Dataset items

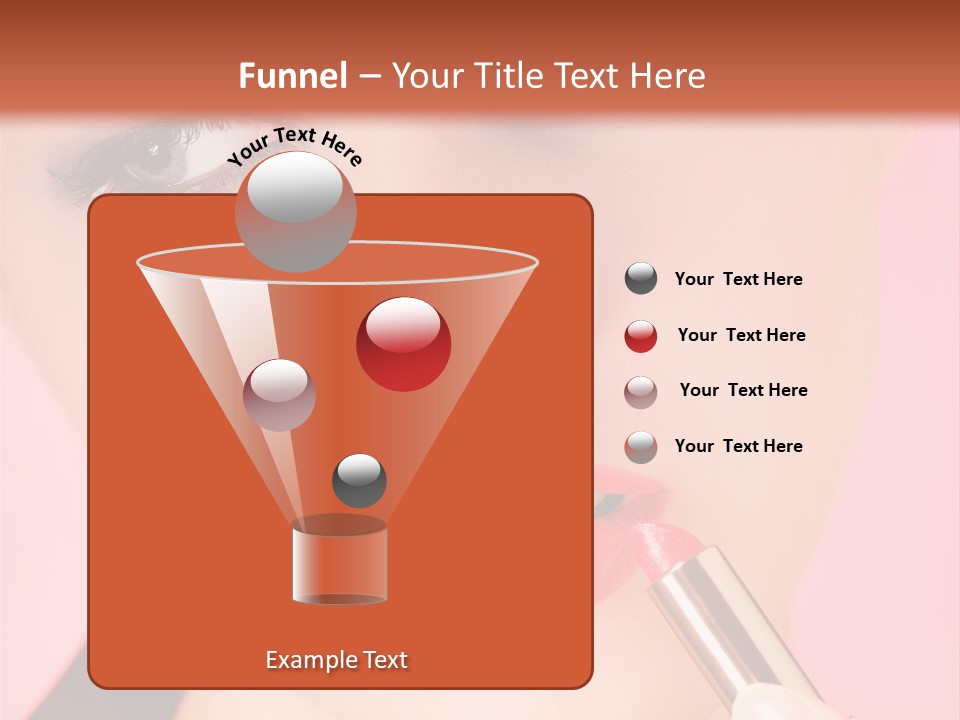 Glamour Stylish Elegance PowerPoint Template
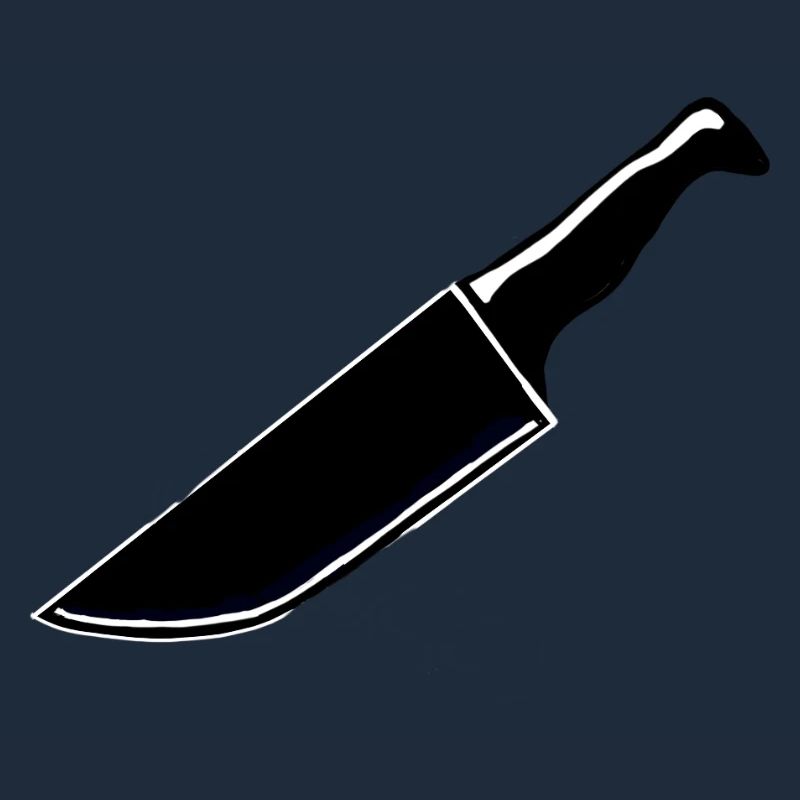 Sharp knife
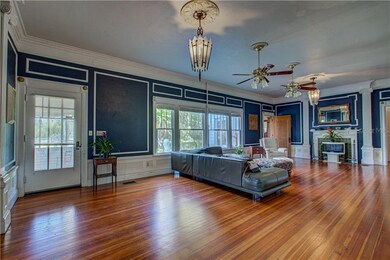 Grand Living Room.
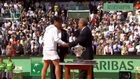 Li vs Schiavone 2011 Roland Garros Highlights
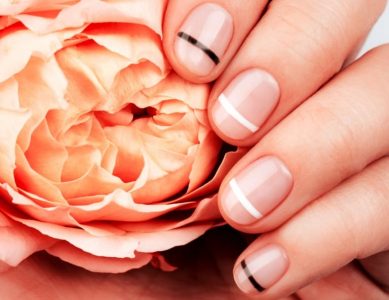 ラインテープネイル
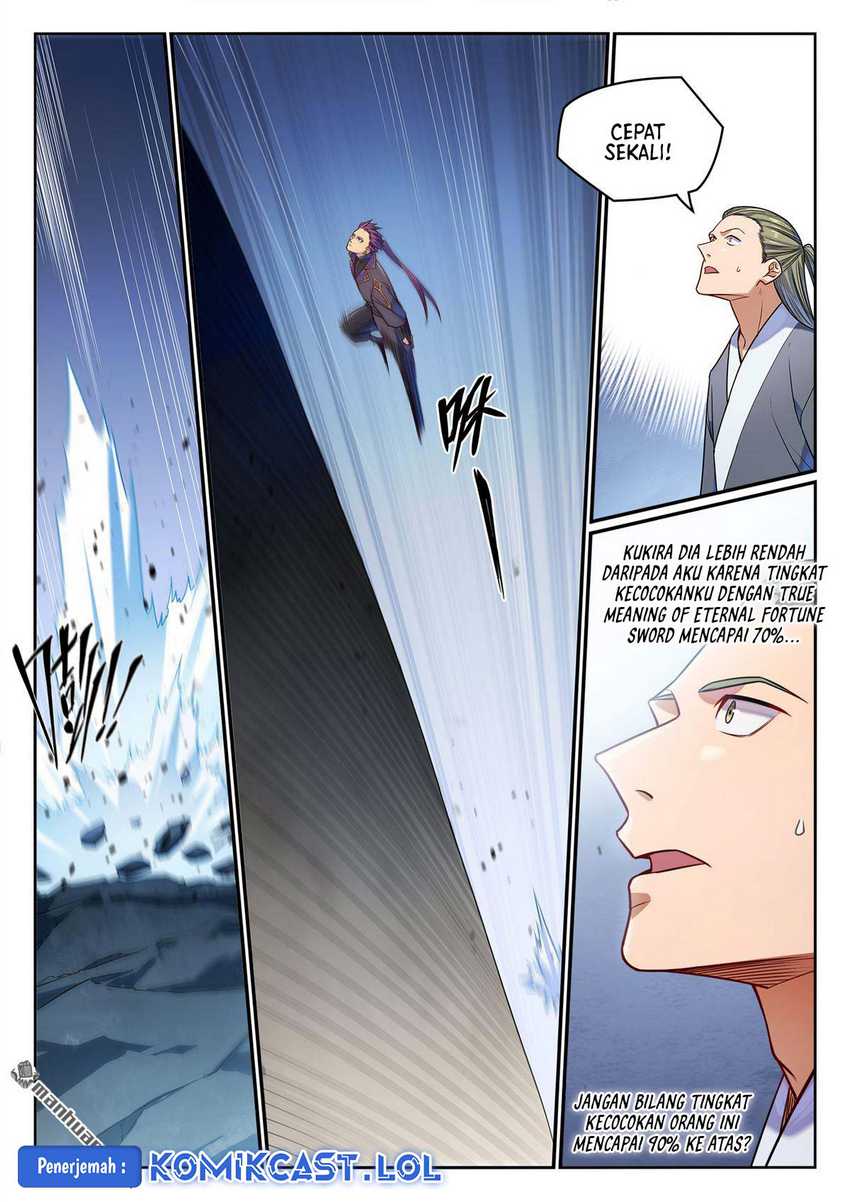 Apotheosis Chapter 1170 page 4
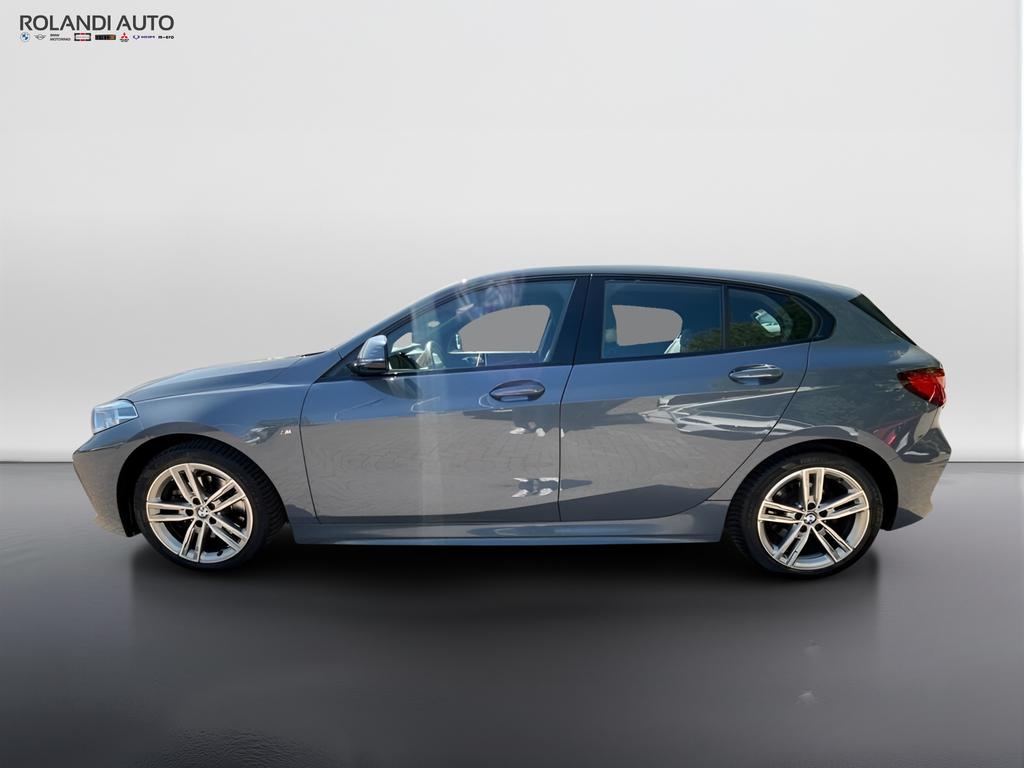 BMW Serie 1 116d Msport auto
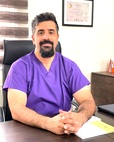 دکتر امیر حسین خلیلی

● WHAT IS NEEDED: Every line above should be repeated exactly; pictures stay out of the copy.

● RESULT:
 Glamour Stylish Elegance PowerPoint Template
 Sharp knife
 Grand Living Room.
 Li vs Schiavone 2011 Roland Garros Highlights
 ラインテープネイル
 Apotheosis Chapter 1170 page 4
 BMW Serie 1 116d Msport auto
 دکتر امیر حسین خلیلی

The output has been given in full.